A defence must be filed and served within 28 days of service of the claim form, or within 28 days of service of the statement of claim (if this was not filed with the claim form). Where a claimant has obtained the leave of the court to serve a defendant outside of the jurisdiction, the court order will make provision for the dates by which filing and service of the defence must take place; however, this time frame is typically 56 days.

Changing defence

Under what circumstances may a defendant change a defence at a later stage in the proceedings?

The rules pertaining to the amendment of a statement of case (which includes a defence) are set out in Part 20 CPR and are discussed in question 20. A defendant is not permitted to rely on any allegation or factual argument that is not set out in the defence but that could have been set out therein unless the court gives permission or the other parties agree (CPR 10.7).

A statement of case may be amended once, without the permission of the court at any time prior to the first case management conference (CMC) other than where the change pertains to the addition or substitution of a party or other changes after the end of a relevant limitation period.

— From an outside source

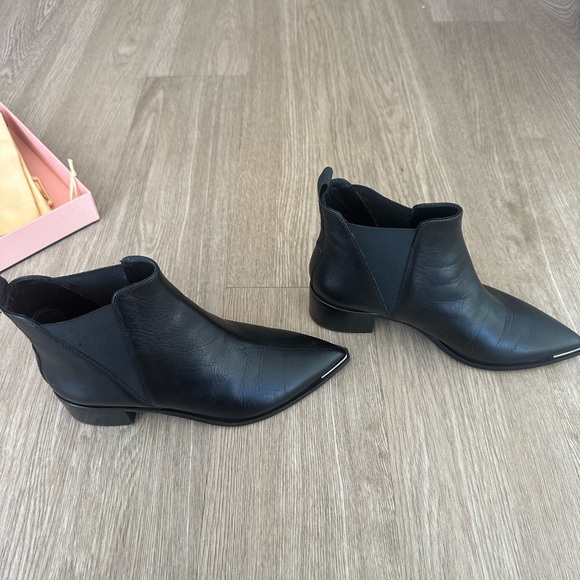 Acne Studios - Jensen Ankle Boot in Black Napa Leather - Size 35 - Picture 7 of 8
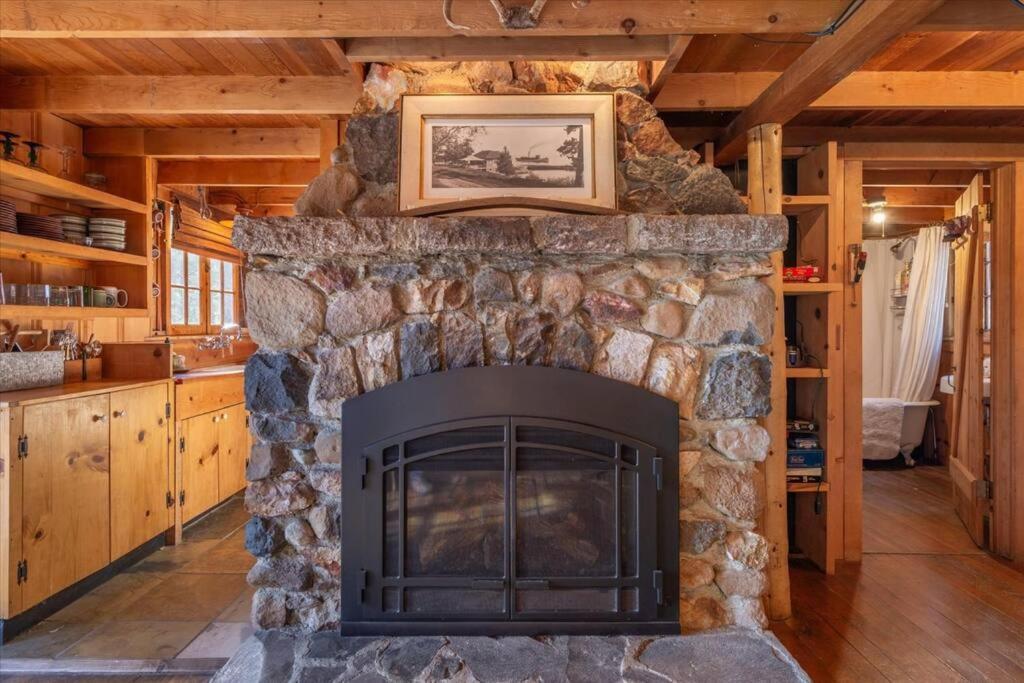 Coziest Cabin In Tahoe W Stone Fireplace Comfy Beds Close To Slopes & Lake Carnelian Bay Екстериор снимка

In these circumstances, a defendant would need to apply to the court for permission to amend the defence. CPR 20.2(2) provides that the court may allow an amendment that has the effect of adding or substituting a new claim, but only if the new claim arises out of the same or substantially the same facts as a claim in respect of which the party wishing to change the statement of case has already claimed a remedy in the proceedings. If the amendment pertains to the correction of a mistake as to the name of a party, the court may allow an amendment, but only where the mistake was genuine and where it is not one that would, in the circumstances, cast reasonable doubt as to the identity of the party in question.

Any further amendments prior to the first CMC would require the permission of the court. Similarly, following the first CMC, a defendant would need to seek the court’s permission by application to amend a defence. There are a number of factors that the court will consider when considering an application to amend a statement of case, such as:

  • how promptly the defendant applied to the court after becoming aware that the change was one that he or she wished to make;
  • the prejudice that the defendant would suffer if the change were refused;
  • the prejudice to the other parties if the change were permitted;
  • whether any prejudice could be compensated by the payment of costs or interest; and
  • the impact upon the case timetable, trial date and the administration of justice.
Sharing liability

How can a defendant establish the passing on or sharing of liability?

A defendant may rely on a defence of set-off or may counterclaim (ie, claim against the claimant) or bring a claim against an additional party. In the BVI, these claims are called ancillary claims and must be pleaded in the same way as a claim. A person upon whom an ancillary claim form is served becomes a party to the proceedings if that person is not already a party.

The procedure and timescales for making an ancillary claim are set out in Part 18 CPR. A defendant who has filed an acknowledgment of service or a defence may make an ancillary claim for contribution or indemnity against another defendant by filing a notice containing a statement on the nature and grounds of the claim and serving the notice on the other defendants.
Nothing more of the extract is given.